- WORK REQUEST -
Restate the lines exactly, starting at the line that contains "เก็บเงินปลายทาง รูปที่ 6" and finishing with the final line of the records.

RECORDS PROVIDED Block Start

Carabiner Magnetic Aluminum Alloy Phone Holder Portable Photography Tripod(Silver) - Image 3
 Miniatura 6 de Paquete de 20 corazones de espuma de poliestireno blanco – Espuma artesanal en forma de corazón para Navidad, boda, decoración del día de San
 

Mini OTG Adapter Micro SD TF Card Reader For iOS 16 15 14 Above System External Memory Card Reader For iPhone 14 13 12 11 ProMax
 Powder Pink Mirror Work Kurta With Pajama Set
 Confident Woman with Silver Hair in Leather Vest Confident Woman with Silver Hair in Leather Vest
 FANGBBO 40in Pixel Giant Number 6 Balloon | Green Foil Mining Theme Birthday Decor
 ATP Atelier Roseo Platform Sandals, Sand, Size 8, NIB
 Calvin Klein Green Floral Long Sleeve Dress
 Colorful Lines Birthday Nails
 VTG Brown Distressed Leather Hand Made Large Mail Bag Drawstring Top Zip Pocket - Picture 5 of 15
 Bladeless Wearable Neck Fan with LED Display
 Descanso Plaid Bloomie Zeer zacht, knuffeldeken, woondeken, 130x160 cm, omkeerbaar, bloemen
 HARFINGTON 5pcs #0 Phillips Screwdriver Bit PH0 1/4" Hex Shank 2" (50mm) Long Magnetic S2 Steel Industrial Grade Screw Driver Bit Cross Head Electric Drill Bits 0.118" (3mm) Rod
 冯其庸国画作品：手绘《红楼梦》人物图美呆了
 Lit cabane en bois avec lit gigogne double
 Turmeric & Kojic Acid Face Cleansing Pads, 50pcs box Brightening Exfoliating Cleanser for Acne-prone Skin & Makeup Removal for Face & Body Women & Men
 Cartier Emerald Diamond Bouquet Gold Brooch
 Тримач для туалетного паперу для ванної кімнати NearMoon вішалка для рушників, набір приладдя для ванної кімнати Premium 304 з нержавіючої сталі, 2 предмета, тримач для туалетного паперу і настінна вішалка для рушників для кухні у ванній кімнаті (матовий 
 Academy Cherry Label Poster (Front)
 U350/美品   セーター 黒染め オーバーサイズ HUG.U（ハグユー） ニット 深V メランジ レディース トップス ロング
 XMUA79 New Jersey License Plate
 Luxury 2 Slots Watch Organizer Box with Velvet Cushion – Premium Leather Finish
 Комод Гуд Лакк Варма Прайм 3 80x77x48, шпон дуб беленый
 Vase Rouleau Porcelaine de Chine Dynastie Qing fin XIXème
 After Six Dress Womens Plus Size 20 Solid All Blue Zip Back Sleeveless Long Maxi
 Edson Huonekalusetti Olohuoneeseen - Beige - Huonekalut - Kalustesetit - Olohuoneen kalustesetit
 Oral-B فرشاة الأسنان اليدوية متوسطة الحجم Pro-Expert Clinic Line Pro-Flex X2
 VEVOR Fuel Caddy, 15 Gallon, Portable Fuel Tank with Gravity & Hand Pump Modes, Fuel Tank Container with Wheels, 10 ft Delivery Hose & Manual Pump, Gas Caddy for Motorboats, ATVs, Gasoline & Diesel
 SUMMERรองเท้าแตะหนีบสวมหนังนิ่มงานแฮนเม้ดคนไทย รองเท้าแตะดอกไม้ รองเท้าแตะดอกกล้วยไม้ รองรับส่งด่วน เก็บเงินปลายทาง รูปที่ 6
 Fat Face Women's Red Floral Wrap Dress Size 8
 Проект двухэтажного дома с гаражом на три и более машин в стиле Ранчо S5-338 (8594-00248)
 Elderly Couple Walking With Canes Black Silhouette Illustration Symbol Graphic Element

RECORDS PROVIDED Block End

- ANSWER TO THIS PROBLEM -
 SUMMERรองเท้าแตะหนีบสวมหนังนิ่มงานแฮนเม้ดคนไทย รองเท้าแตะดอกไม้ รองเท้าแตะดอกกล้วยไม้ รองรับส่งด่วน เก็บเงินปลายทาง รูปที่ 6
 Fat Face Women's Red Floral Wrap Dress Size 8
 Проект двухэтажного дома с гаражом на три и более машин в стиле Ранчо S5-338 (8594-00248)
 Elderly Couple Walking With Canes Black Silhouette Illustration Symbol Graphic Element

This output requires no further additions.